Record set:
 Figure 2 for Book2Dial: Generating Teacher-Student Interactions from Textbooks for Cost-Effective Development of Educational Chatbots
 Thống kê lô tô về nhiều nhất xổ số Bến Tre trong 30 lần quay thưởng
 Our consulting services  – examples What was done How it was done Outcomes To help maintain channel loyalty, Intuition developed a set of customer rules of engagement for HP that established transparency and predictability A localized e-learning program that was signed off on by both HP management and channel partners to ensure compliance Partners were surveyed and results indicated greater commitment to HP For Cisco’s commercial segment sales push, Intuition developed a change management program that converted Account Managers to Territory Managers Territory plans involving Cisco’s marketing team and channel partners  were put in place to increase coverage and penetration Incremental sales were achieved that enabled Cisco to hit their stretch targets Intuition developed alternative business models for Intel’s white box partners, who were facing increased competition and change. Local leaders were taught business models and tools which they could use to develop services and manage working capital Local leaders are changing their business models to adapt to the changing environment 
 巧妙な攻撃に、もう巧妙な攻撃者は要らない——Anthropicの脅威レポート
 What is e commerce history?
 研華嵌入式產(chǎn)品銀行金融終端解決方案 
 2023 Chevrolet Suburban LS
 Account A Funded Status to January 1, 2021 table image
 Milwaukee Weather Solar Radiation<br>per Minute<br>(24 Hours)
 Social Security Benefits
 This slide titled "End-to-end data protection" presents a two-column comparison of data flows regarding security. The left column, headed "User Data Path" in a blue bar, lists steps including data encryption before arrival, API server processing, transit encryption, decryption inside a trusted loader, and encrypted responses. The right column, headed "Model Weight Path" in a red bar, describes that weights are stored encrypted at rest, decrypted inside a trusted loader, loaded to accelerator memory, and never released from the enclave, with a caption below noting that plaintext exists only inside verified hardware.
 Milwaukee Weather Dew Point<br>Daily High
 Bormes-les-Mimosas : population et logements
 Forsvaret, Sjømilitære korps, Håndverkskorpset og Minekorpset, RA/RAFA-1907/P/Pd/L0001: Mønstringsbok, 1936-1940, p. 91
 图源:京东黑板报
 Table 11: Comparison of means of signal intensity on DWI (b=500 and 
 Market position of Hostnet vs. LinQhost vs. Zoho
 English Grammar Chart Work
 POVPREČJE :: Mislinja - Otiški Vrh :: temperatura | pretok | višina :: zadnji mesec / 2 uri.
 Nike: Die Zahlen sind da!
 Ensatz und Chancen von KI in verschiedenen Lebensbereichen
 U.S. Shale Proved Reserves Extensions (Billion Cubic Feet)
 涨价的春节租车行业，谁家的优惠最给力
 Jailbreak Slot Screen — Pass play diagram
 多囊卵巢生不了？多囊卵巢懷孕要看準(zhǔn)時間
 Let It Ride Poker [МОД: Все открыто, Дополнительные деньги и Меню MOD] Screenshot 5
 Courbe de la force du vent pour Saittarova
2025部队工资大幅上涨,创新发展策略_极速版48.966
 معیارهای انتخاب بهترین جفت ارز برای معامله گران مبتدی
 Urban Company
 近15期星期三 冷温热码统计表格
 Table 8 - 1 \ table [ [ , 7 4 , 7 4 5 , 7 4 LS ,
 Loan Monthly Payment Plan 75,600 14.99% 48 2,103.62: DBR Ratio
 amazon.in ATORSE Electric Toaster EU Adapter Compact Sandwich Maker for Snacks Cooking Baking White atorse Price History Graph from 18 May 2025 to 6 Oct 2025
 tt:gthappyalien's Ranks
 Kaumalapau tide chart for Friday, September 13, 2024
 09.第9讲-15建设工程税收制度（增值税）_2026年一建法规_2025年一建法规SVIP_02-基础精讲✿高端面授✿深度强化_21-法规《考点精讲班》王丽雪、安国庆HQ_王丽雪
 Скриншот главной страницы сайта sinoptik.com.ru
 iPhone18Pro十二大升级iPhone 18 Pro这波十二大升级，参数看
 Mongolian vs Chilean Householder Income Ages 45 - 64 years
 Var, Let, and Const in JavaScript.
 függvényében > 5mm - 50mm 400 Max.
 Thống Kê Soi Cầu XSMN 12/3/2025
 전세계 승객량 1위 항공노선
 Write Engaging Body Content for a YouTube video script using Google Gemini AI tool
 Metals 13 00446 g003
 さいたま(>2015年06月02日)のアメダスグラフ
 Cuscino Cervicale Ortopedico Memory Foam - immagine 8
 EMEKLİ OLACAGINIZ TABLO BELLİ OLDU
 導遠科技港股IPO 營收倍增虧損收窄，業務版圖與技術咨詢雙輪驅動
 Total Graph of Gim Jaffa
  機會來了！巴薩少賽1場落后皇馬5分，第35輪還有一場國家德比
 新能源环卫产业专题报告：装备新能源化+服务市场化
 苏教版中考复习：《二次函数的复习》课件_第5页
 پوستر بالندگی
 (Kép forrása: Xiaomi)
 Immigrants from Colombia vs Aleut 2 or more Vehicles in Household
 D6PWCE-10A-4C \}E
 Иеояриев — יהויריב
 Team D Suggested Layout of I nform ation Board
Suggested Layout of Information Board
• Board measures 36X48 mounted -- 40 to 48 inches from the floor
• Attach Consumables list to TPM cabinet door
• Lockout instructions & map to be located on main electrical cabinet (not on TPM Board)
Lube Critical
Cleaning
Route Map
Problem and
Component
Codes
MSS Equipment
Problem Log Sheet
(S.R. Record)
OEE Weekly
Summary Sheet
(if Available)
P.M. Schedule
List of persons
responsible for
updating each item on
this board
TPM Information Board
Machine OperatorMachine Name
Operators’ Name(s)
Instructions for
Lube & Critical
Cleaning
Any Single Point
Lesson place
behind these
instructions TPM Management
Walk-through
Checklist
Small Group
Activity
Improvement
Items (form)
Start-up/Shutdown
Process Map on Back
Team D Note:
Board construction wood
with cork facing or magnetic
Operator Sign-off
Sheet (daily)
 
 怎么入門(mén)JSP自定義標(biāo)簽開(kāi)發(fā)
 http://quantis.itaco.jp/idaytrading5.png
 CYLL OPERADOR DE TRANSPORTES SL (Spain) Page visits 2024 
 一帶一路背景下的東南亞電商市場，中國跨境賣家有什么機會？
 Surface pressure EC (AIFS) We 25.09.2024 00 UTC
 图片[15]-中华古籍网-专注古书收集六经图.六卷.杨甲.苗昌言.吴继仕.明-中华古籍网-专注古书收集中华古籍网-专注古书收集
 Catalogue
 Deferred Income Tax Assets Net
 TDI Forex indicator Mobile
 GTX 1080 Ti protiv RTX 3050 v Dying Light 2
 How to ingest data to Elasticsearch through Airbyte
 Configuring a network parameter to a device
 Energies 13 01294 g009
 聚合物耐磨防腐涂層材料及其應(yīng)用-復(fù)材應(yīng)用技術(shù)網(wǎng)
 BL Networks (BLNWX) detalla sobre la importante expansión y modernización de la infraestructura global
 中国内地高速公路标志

Exercise objective: Retype every line up to and including the one that contains "Social Security Benefits", beginning at the first line of the records, with no edits.

Solution to this problem:
 Figure 2 for Book2Dial: Generating Teacher-Student Interactions from Textbooks for Cost-Effective Development of Educational Chatbots
 Thống kê lô tô về nhiều nhất xổ số Bến Tre trong 30 lần quay thưởng
 Our consulting services  – examples What was done How it was done Outcomes To help maintain channel loyalty, Intuition developed a set of customer rules of engagement for HP that established transparency and predictability A localized e-learning program that was signed off on by both HP management and channel partners to ensure compliance Partners were surveyed and results indicated greater commitment to HP For Cisco’s commercial segment sales push, Intuition developed a change management program that converted Account Managers to Territory Managers Territory plans involving Cisco’s marketing team and channel partners  were put in place to increase coverage and penetration Incremental sales were achieved that enabled Cisco to hit their stretch targets Intuition developed alternative business models for Intel’s white box partners, who were facing increased competition and change. Local leaders were taught business models and tools which they could use to develop services and manage working capital Local leaders are changing their business models to adapt to the changing environment 
 巧妙な攻撃に、もう巧妙な攻撃者は要らない——Anthropicの脅威レポート
 What is e commerce history?
 研華嵌入式產(chǎn)品銀行金融終端解決方案 
 2023 Chevrolet Suburban LS
 Account A Funded Status to January 1, 2021 table image
 Milwaukee Weather Solar Radiation<br>per Minute<br>(24 Hours)
 Social Security Benefits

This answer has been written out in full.